Fifty of those sites are in Bedford, Ind., and only one or two are polluted, said Jose Cisneros, chief of the region’s EPA reuse and remediation branch.

“The folks here aren’t too worried about it,” he said.

But that’s just on the cleaner side of the ledger.

Pollution at one site in Massena, N.Y. could take $260 million to clean up, said Jason Clark, the city’s director of economic development. PCB contamination there from a former GM factory runs so deep under the building that the EPA can’t even measure it, he said.

Though Massena may not get all of the money it needs, it will likely get something because it’s on the list of 120 properties that Motors Liquidation owns.

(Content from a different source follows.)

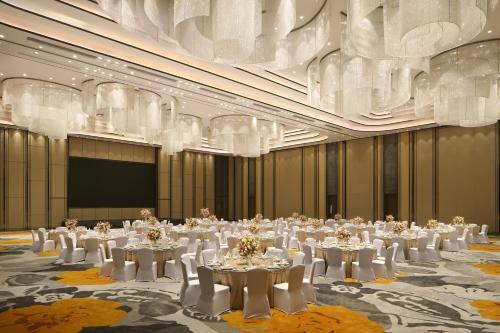Na Lotus Hotel, A Luxury Collection Hotel, Nanning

Sites GM polluted but did not own don’t benefit from bankruptcy

But there is another category of sites that GM polluted that won’t see a dime. Neither Motors Liquidation nor the new GM own all the property the automaker polluted. Those unowned sites aren’t part of the bankruptcy estate. They aren’t likely to see any of the cleanup money Motors Liquidations sets aside.

They might have seen cleanup dollars from a thriving General Motors. Now other industries will have to pick up an even greater portion of the tab for cleaning sites with liabilities they had shared with the automaker.

“(Motors Liquidation) has liabilities for the sites that it owns and operated,” said Brian Monroe, chief of the Michigan Department of Environmental Quality’s redevelopment and enforcement unit. “Claims related to those sites get an overall higher priority.”

The unowned sites are mostly landfills. Federal environmental and wildlife agencies seek cleanup costs for 50 of these sites across the country, according to documents filed by the government in the U.S. bankruptcy court in New York handling the GM case.

The landfills fall under the federal Superfund program, which covers abandoned hazardous waste pollution. The U.S. EPA, Fish and Wildlife Service, and National Oceanic and Atmospheric Administration have already spent $190 million working on these sites. They say they’ll need another $1.8 billion to finish the job.

Only a fraction of those costs were supposed to come from GM. Cleanup costs at Superfund sites are split up among all the companies that the EPA can prove polluted there. Some landfill sites have as many as 170 other parties sharing cleanup costs with GM, according to the EPA.

But others have fewer than 10, and if GM or Motors Liquidation can back out of their commitment to fund those cleanups, the other parties have to pick up the slack.

Of the 50 landfill and dumping sites, 32 are in the Great Lakes states, where the EPA estimates it will need another $305 million to cover past and future cleanup costs.

Now that the state and federal governments have submitted their cleanup cost estimates, the governments and Motors Liquidation will negotiate a compromise, Monroe said.

Those negotiations will run through February and March, he said. Motors Liquidation aims to have a plan for cleaning up and selling off the properties it owns by spring.